Prostate cancer is the most common type of cancer found in American men other than skin cancer and is the second leading cause of cancer death among men—second only to lung cancer. For 2010, the American Cancer Society estimated that there were approximately 220,000 new cases of prostate cancer diagnosed in the United States and approximately 32,000 men died of the disease. These statistics suggest that 1 in 6 men will be diagnosed with prostate cancer during their lifetime (1 in 5 for African American men) and 1 in 36 will die of this disease—statistics that are strikingly similar to breast cancer statistics for women. Alarmingly, the general population is unaware of these risks because men are reluctant to talk about their disease or go for annual examinations. In many ways, men still have a denial mindset similar to the mindset women had toward breast cancer before former First Lady Betty Ford’s efforts to destigmatize breast cancer. In 1978, Mrs. Ford publicly acknowledged her breast cancer diagnosis and subsequent mastectomy. Her declaration of her diagnosis and ensuing determination to publicly fight breast cancer encouraged early detection and inspired thousands of American women who were also coping with the disease. American men have not had a similar advocate for prostate cancer step forward and raise public awareness to this same level. This unfortunate disparity in awareness is reinforced by disparate levels of funding for breast cancer and prostate cancer at the National Institutes of Health. In 2010, $824 million was dedicated to breast cancer research whereas less than half that amount—$362 million—was dedicated to prostate cancer research.

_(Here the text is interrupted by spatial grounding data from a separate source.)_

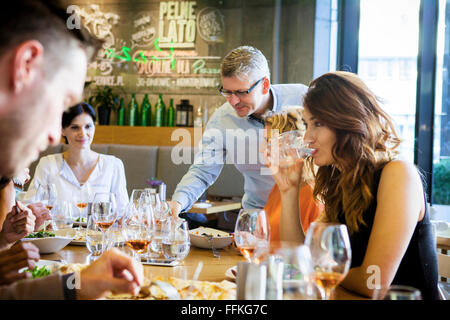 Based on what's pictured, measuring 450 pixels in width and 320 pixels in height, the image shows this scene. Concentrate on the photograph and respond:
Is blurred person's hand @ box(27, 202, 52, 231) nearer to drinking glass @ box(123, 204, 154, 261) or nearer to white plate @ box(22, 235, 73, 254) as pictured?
white plate @ box(22, 235, 73, 254)

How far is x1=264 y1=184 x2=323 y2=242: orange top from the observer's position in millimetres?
2036

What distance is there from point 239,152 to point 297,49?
2.49m

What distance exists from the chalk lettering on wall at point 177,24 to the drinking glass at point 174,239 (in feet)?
14.1

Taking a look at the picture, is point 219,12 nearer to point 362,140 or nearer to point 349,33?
point 349,33

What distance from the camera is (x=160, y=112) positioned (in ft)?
18.2

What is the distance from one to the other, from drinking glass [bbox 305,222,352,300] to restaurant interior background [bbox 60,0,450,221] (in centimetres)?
298

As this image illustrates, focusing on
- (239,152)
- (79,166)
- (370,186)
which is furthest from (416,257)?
(79,166)

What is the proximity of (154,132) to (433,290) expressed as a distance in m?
4.18

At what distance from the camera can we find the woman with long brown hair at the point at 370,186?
1.34 meters

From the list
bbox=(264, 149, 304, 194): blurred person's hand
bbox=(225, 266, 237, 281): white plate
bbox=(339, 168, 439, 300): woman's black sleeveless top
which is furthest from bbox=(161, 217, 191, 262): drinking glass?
bbox=(339, 168, 439, 300): woman's black sleeveless top

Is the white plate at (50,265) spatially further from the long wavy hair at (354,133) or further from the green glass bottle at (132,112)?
the green glass bottle at (132,112)

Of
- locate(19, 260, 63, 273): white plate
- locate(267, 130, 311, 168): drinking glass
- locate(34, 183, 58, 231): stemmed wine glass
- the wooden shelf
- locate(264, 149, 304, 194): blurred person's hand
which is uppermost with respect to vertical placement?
the wooden shelf

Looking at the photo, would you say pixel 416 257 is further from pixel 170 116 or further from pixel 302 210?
pixel 170 116

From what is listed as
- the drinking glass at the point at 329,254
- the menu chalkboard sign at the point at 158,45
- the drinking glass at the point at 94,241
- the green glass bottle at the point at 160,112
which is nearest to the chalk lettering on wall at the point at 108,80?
the menu chalkboard sign at the point at 158,45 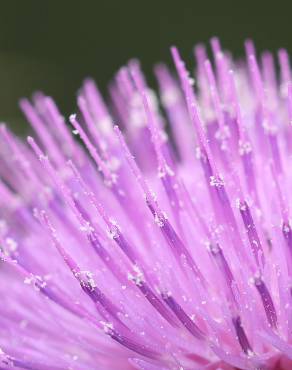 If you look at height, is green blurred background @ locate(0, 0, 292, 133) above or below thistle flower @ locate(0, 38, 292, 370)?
above

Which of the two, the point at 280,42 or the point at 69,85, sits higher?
the point at 280,42

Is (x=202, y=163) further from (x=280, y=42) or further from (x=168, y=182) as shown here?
(x=280, y=42)

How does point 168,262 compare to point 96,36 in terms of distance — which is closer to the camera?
point 168,262

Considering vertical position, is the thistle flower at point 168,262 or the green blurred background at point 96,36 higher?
the green blurred background at point 96,36

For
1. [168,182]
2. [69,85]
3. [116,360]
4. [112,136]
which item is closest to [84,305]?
[116,360]

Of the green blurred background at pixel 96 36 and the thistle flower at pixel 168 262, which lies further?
the green blurred background at pixel 96 36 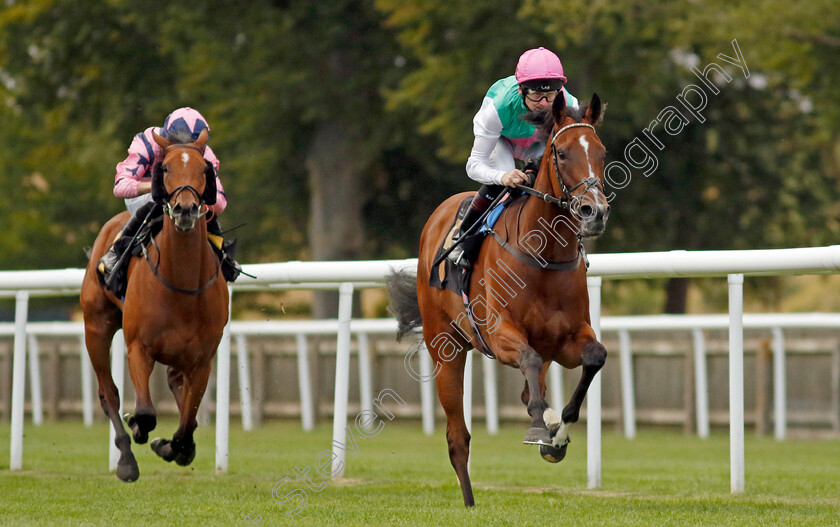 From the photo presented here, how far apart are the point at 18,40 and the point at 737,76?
1132cm

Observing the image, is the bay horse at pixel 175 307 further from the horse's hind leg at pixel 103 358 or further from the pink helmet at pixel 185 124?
the horse's hind leg at pixel 103 358

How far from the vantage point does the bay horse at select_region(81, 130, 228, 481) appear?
6168mm

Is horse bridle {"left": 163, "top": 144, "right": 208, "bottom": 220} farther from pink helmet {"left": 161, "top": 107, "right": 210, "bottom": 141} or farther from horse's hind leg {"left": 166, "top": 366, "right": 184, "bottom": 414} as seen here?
horse's hind leg {"left": 166, "top": 366, "right": 184, "bottom": 414}

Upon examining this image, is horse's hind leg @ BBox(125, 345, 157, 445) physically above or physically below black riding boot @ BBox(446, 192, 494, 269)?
below

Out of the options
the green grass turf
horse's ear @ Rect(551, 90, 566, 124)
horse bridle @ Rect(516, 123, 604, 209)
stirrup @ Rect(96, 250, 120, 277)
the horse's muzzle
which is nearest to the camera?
the horse's muzzle

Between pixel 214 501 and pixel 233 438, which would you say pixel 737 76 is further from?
pixel 214 501

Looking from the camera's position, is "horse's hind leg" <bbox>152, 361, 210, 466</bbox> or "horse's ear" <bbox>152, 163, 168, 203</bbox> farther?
"horse's hind leg" <bbox>152, 361, 210, 466</bbox>

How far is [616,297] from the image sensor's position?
2334cm

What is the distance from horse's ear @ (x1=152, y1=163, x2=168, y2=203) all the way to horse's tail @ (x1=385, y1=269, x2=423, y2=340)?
1466 mm

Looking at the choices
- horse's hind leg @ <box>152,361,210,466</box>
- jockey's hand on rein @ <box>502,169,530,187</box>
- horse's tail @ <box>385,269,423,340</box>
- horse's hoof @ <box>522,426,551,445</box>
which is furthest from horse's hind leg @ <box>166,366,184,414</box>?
horse's hoof @ <box>522,426,551,445</box>

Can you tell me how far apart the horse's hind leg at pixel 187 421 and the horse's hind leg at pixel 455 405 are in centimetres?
128

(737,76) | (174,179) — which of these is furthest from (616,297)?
(174,179)

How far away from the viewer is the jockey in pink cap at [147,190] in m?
6.65

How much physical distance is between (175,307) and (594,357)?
2.27 meters
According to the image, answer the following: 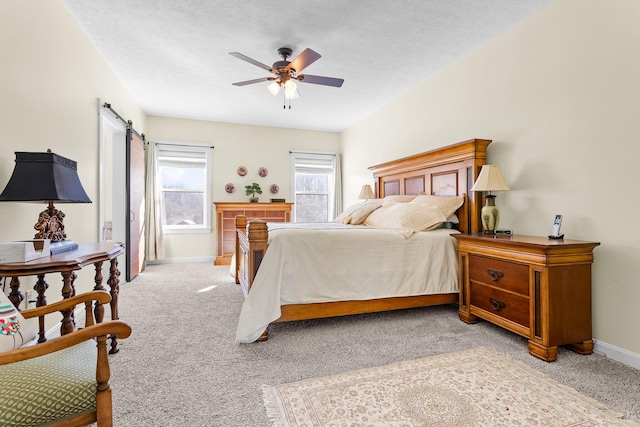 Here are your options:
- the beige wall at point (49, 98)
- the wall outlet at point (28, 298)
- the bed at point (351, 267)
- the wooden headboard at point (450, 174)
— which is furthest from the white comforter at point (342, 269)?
the beige wall at point (49, 98)

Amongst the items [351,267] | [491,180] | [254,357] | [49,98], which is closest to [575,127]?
[491,180]

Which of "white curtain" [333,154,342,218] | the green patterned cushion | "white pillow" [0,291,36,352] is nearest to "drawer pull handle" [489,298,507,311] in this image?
the green patterned cushion

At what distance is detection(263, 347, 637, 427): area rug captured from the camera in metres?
1.43

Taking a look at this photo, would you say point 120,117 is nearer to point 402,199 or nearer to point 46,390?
point 402,199

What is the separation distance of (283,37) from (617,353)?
361 centimetres

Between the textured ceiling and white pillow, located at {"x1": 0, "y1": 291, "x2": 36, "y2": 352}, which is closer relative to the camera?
white pillow, located at {"x1": 0, "y1": 291, "x2": 36, "y2": 352}

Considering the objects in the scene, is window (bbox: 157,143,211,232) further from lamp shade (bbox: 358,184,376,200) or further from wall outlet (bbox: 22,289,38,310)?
wall outlet (bbox: 22,289,38,310)

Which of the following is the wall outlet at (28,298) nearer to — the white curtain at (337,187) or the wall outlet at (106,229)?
the wall outlet at (106,229)

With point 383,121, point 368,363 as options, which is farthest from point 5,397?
point 383,121

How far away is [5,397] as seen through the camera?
886 mm

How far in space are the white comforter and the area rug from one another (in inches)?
28.5

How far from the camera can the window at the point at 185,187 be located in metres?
5.71

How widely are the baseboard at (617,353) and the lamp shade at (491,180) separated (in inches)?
50.4

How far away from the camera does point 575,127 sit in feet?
7.61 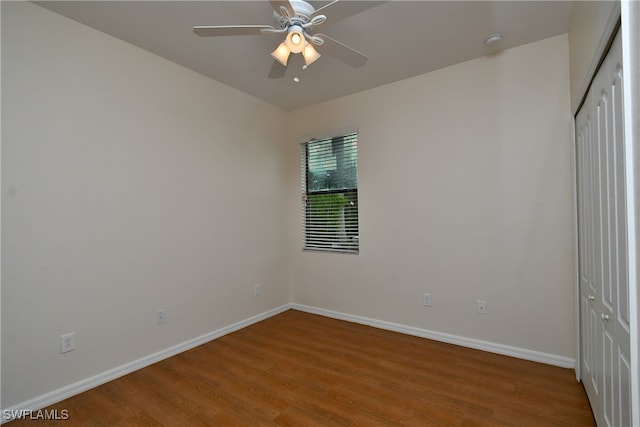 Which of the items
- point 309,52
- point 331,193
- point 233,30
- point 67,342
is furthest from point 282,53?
point 67,342

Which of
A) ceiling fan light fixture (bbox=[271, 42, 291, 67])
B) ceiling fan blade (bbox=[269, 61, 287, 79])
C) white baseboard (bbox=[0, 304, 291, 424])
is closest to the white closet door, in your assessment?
ceiling fan light fixture (bbox=[271, 42, 291, 67])

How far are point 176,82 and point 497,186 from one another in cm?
319

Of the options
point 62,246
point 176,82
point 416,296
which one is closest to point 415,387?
point 416,296

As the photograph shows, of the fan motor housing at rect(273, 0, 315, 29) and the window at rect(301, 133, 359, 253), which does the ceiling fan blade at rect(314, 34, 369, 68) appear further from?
the window at rect(301, 133, 359, 253)

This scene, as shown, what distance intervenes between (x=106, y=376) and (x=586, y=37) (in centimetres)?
401

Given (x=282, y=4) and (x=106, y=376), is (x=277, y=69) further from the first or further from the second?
(x=106, y=376)

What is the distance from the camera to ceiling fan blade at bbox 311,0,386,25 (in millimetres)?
1505

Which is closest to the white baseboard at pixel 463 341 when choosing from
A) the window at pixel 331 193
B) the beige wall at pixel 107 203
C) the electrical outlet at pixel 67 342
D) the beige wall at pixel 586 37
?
the window at pixel 331 193

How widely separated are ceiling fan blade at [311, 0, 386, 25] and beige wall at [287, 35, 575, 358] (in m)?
1.73

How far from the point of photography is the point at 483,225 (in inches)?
110

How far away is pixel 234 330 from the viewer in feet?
11.0

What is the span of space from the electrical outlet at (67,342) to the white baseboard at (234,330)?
26 centimetres

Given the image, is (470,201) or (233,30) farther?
(470,201)

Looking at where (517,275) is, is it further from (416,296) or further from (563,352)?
(416,296)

Aside from these public health concerns, the problem is compounded by the elusiveness of diagnosis and localization. Early prostate cancer usually has no symptoms. Prostate-specific antigen (PSA) screening can usually detect prostate cancer years earlier than it would be detected by a digital rectal examination or the development of symptoms. Although there is no absolute cutoff between a normal and an abnormal PSA level, screening programs in the United States have commonly used greater than 4 ng/mL to define a positive test. PSA screening, however, has several limitations. Many men who do not have prostate cancer screen PSA positive, whereas some men with biopsy-proved prostate cancer do not have elevated PSA levels. To evaluate the efficacy of screening the at-risk male population, 2 large randomized trials of prostate cancer screening with PSA testing have been completed. The results are conflicting. The United States–based Prostate, Lung, Colorectal, and Ovarian Cancer Screening Trial did not observe a correlation between screening and decreased prostate cancer mortality, whereas the European Randomized Study of Screening for Prostate Cancer demonstrated a 20% reduction in prostate cancer mortality among men who were screened for PSA compared with those who were not screened for PSA.

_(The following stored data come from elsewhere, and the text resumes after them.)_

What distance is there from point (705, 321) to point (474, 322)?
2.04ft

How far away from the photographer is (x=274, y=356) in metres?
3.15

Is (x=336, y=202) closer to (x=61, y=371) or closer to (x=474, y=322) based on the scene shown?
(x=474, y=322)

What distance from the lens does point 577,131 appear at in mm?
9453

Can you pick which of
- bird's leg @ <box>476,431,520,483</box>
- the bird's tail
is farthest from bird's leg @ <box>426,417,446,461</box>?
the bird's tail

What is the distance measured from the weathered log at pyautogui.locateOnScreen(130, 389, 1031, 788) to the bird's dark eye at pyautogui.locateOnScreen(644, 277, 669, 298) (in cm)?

Whether the diagnosis of prostate cancer is suggested by elevation of PSA or by physical findings on digital rectal examination, the initial diagnosis is confirmed by biopsy, often guided by transrectal ultrasound (TRUS). Of the 220,000 new cases diagnosed in 2010, approximately 75%, or 165,000 patients, will choose to have potentially curative therapy—radical prostatectomy or radiation therapy. Unfortunately, these therapies will fail in approximately 40% of these 165,000 patients, or approximately 66,000 men, in whom PSA levels will rise in the following years, indicating recurrence of tumor. The challenge then is to localize the recurrence at an early stage to try to arrest the disease with radiation therapy or surgery (salvage therapy) to possibly effect a cure rather than simply relegate patients to palliative hormonal therapy, which is expensive, carries significant side effects, and ultimately fails in almost all cases.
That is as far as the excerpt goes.